Parlez-nous de l’organisation de la Team Jabeur, l’équipe derrière vous. Comment est-elle managée?
La Team Jabeur est une très belle équipe qui rêve grand. Elle est composée de plusieurs personnes qui collaborent ensemble pour réussir et se démarquer. Je cite, en premier lieu, mon préparateur physique Karim Kammoun que vous connaissez tous et également mon coach Issam Jalleli avec qui je travaille au quotidien. Je suis suivie par le docteur Maher Zahar. Mélanie Maillard m’accompagne dans ma préparation mentale. Évidemment il y a d’autres personnes importantes qui m’aident beaucoup, mais Karim et Issam sont le noyau dur de la Team Jabeur. Nous sommes tous tunisiens, à l’exception de Mélanie et nous travaillons dur avec beaucoup de synergie, d’espoir et de détermination afin de relever les défis auxquels nous faisons face.

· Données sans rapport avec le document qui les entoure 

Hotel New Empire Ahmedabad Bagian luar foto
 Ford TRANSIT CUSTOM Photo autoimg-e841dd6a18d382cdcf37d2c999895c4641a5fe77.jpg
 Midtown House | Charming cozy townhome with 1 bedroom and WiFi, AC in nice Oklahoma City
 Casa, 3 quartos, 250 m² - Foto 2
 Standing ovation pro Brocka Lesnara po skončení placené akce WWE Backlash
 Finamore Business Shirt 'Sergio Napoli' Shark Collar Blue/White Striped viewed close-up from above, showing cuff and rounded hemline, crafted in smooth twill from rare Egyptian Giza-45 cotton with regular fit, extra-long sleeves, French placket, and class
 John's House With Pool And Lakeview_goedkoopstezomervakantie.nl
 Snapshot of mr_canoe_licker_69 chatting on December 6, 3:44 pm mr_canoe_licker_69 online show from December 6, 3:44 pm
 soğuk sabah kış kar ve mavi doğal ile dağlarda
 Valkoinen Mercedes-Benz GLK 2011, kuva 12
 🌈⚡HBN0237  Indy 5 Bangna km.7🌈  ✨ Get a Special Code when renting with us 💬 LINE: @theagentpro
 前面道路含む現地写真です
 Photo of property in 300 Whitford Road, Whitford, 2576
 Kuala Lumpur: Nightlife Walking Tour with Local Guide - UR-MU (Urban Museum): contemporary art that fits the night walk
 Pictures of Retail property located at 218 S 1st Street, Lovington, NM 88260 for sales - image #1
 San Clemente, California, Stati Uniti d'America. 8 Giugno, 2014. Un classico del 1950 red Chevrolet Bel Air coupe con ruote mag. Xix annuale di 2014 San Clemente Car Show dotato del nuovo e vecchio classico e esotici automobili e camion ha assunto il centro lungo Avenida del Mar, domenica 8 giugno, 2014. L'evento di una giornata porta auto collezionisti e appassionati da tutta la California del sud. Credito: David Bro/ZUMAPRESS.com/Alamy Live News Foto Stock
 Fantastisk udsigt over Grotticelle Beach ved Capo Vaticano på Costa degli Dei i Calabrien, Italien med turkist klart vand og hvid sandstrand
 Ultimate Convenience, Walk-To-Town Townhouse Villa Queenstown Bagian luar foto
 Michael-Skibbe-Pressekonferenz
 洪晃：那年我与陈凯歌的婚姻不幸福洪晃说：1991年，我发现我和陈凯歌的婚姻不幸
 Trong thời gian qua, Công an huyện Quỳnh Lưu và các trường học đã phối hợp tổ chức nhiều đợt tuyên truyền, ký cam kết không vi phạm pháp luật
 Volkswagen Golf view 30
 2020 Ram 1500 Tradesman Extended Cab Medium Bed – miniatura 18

Quelles sont les valeurs qui décrivent, aujourd’hui, le Brand Ons Jabeur?
Le Brand Jabeur, c’est avant tout des valeurs de partage et une aventure collective. Les ingrédients de notre réussite sont la confiance, l’esprit d’équipe, le respect, la responsabilité, et une communication continue et efficace. Nous estimons que pour réaliser notre rêve commun et gagner des tournois, nous devons instaurer un climat de travail serein et sérieux. Cela passe par une collaboration saine qui nous aide à être toujours motivés et tournés vers nos objectifs.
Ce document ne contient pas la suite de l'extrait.